Classical and ab initio molecular dynamics simulations are employed to investigate the magnetic, mechanical, and mass-transport properties of metal/molecular-nanolayer/ceramic interfaces. ab initio raw data will be used as training set for machine-learning interatomic potentials, which will allow us carrying out "large"-scale MD simulations. The simulations are used to guide/explain/support experimental results obtained by the PI in collaboration with G. Ramanath [Gandhi, ..., Ramanath, Nature 447, 299 (2007); Kwan, ..., Ramanath, Nat. Commun. 9, 5249 (2018); O'Brien, ..., Ramanath, Nat. Mater. 12, 118 (2013)], visiting professor at LiU. Focus is dedicated to reveal and explain the effects induced by (i) molecular-chain lengths, (ii) molecule-termination moieties, and (iii) superlattice periods on loading-frequency dependent toughening mechanisms.
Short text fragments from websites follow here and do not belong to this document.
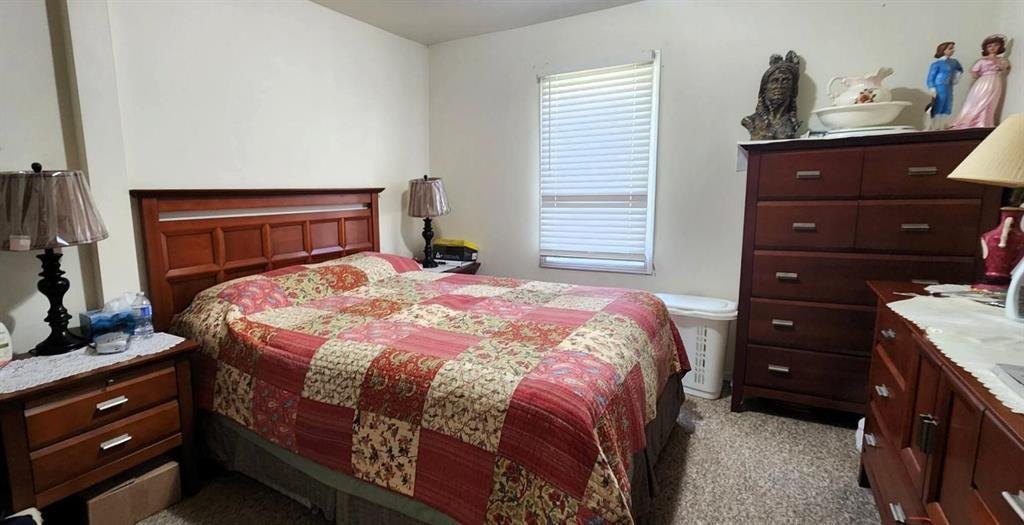 310 Epsilon Avenue, Winnipeg Beach &middot; Bedroom with a double bed, dresser and window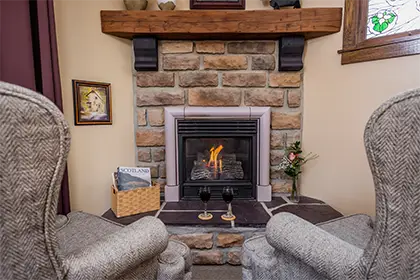A stone fireplace with a lit fire, two wine glasses on the hearth, and two armchairs facing it.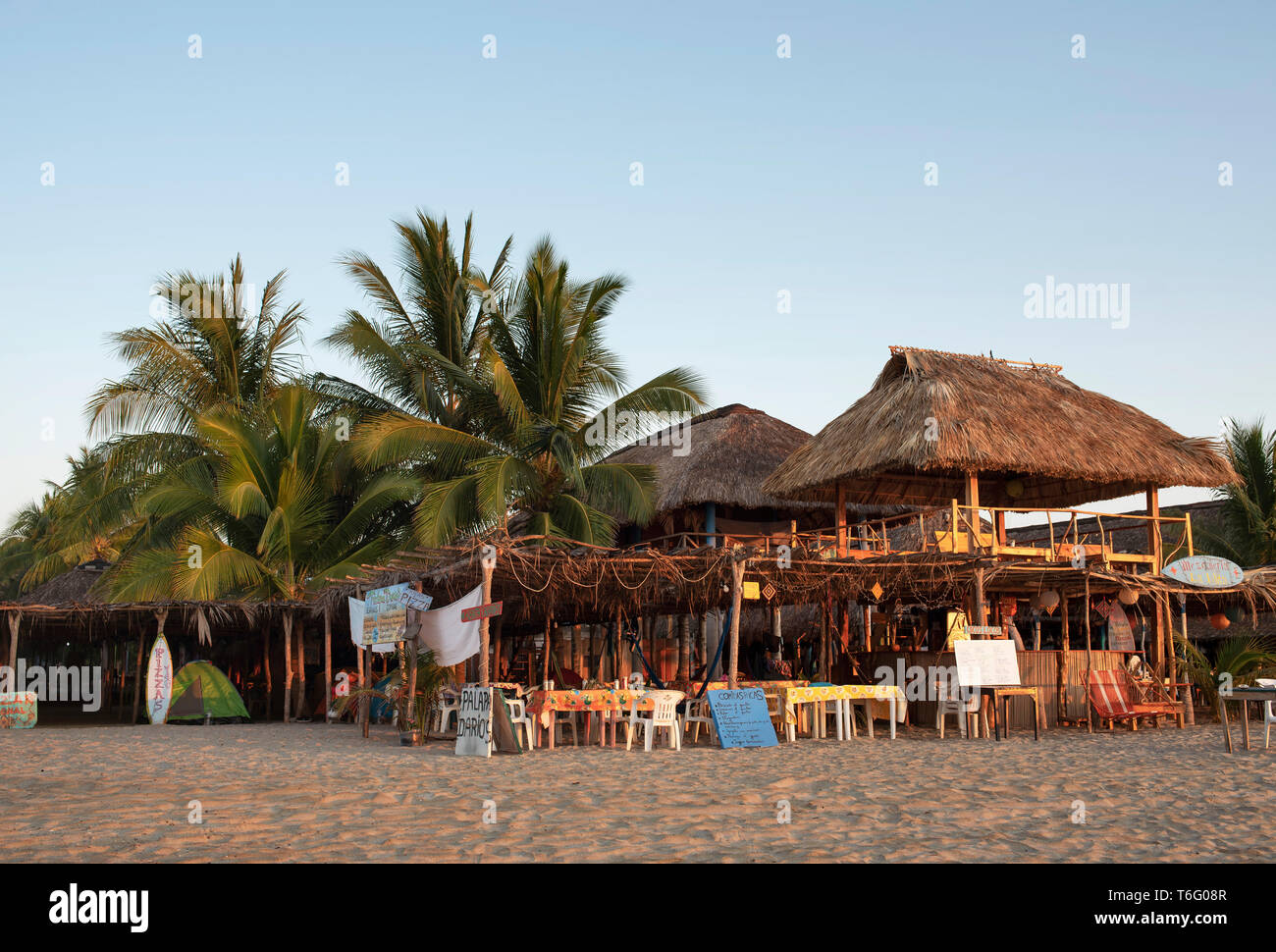 Einfache Strand Restaurants mit Strohdach und Plastikstühlen. Chacahua, Oaxaca, Mexiko. Apr 2019 Stockfoto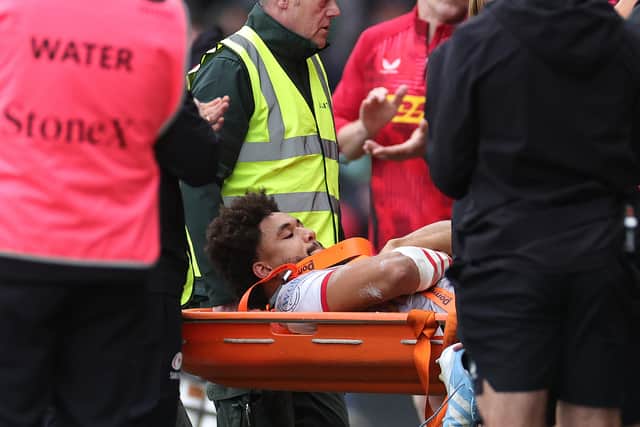 Andy Onyeama-Christie of Saracens is carried off after being injured during the Gallagher Premiership Rugby match between Harlequins and Saracens at the Stoop on October 13, 2024.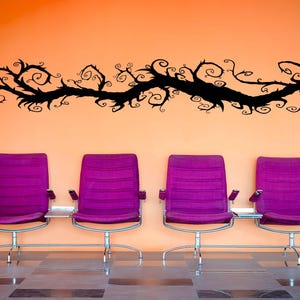 Fantasy tree wall art stretches upward with winding lines, creating the sense of motion and growth frozen in a single striking form.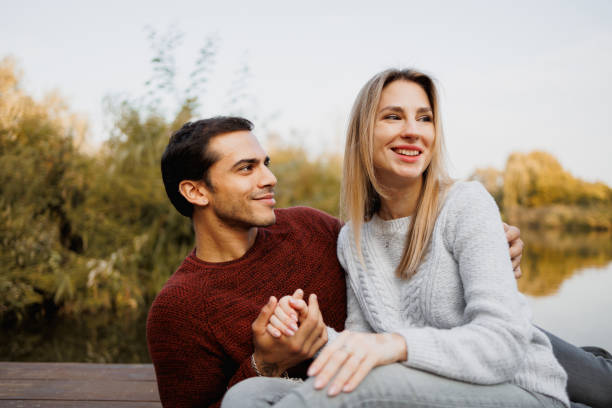 istock Young couple in sweaters relaxing on pier in autumn 2174661455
The simulations will be also used to elucidate the effects of chemical environments (such as humidity) on the above-mentioned mechanical properties. The results of ab initio simulations will also allow clarifying aspects related to spin transport and atomic diffusion across the interfaces. During last year, we have published two papers (Materials and Design and APL) on the subject of MNL. A third paper is soon to be submitted for publication. SNIC/NAISS resources and LiU-compute Local resources are acknowledged. We receive financial support from VR through Grant Nº VR-2021-04426, the National Science Foundation grant CMMI 2135725 from the BRITE program, the Knut and Alice Wallenberg Foundation through the Wallenberg Academy Fellows program (grant no. KAW 2020.0196), and the Swedish Government Strategic Research Area in Materials Science on Functional Materials at Linköping University (Faculty Grant SFO-Mat-LiU No. 2009 00971).